Cela renforce également l’insécurité des réfugiés dont le seul recours est celui des réseaux illégaux de passeurs.
C’est également une violation flagrante du droit d’asile qui doit être accordé sur une base individuelle en prenant en compte les raisons légitimes de craindre pour sa vie dans son pays d’origine, quel qu’il soit.
L’Europe doit agir maintenant
Il faut donc une action immédiate et complète de l’Europe pour soutenir les victimes de multiples crises :
- une augmentation significative des places d’accueil en Europe,
- un soutien financier accru aux autres pays d’accueil
- et une forte implication diplomatique pour mettre fin aux conflits en Syrie, Irak et partout ailleurs.
En aucun cas, ces questions ne devraient pas faire l’objet de négociations et marchandages politiques. Or, cette crise humaine est devenue l’un des moyens pour négocier l’adhésion de la Turquie à l'Union européenne.
Que prévoit l’accord entre l’Europe et la Turquie ?

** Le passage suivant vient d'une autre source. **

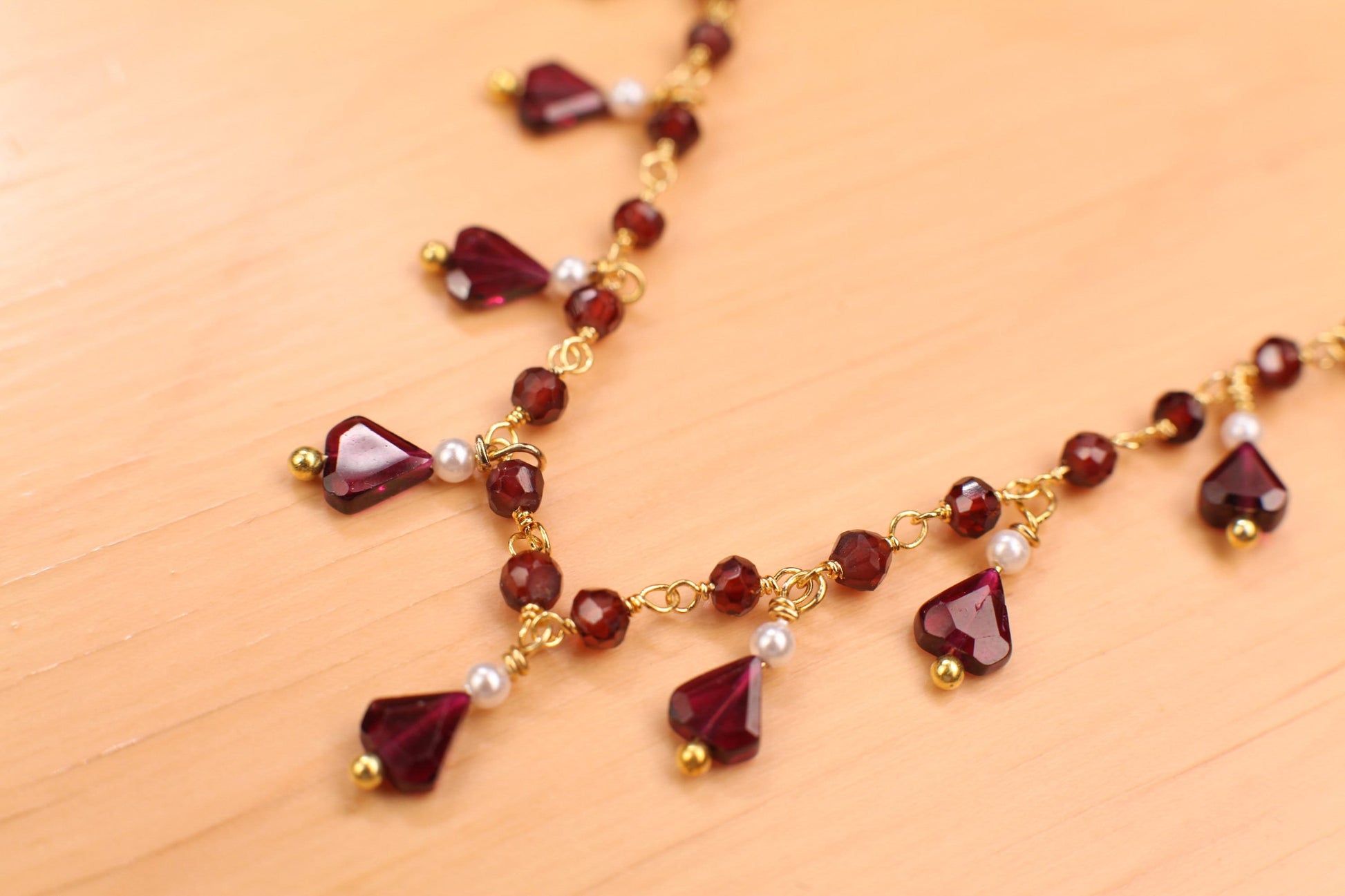Genuine Garnet Faceted Merlot Red Clusters and Dangling Garnet Freshwater Pearl Wire Wrap Handmade Gold Necklace, Bridal Gift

Lundi 7 mars, les pays européens et la Turquie ont posé les bases d'un nouvel accord censé endiguer l'afflux de réfugiés vers l'Europe. Tous les migrants et réfugiés qui sont et arriveront clandestinement en Grèce seront renvoyés en Turquie. Et ce, à condition que les Européens accueillent un nombre égal de réfugiés depuis la Turquie. C’est le principe baptisé « un Syrien pour un Syrien ».
A priori, les migrants économiques seront tous renvoyés dans leur pays d'origine par la Turquie. Les demandeurs d'asile qui souhaitent venir en Europe devront déposer leur requête depuis la Turquie. En échange, la Turquie réclame une aide de 6 milliards d’euros.
La Turquie espère aussi accélérer son intégration dans l'Union européenne et l’Union européenne a également promis d'accélérer la mise en place d'un régime sans visas pour les ressortissants turcs.
Beaucoup de détails restent encore à éclaircir et définir. Une prochaine rencontre aura lieu les 17 et 18 mars à Bruxelles.
Actualisation du 10 mars 2016
La Turquie a rappelé aujourd'hui que les réadmissions de réfugiés et migrants sur son sol ne seraient pas rétroactives, s’appliquant uniquement aux nouvelles arrivées en Grèce.
Les Pays-Bas ont également précisé que le principe « un Syrien pour un Syrien » ne serait que temporaire. Ce plan ayant pour objectif de stopper les traversées illégales et très dangereuses en mer Egée. Le ministre néerlandais de l’immigration a déclaré que l'Europe devrait ensuite discuter avec la Turquie « d’un schéma plus permanent de réinstallation, de partage du fardeau ».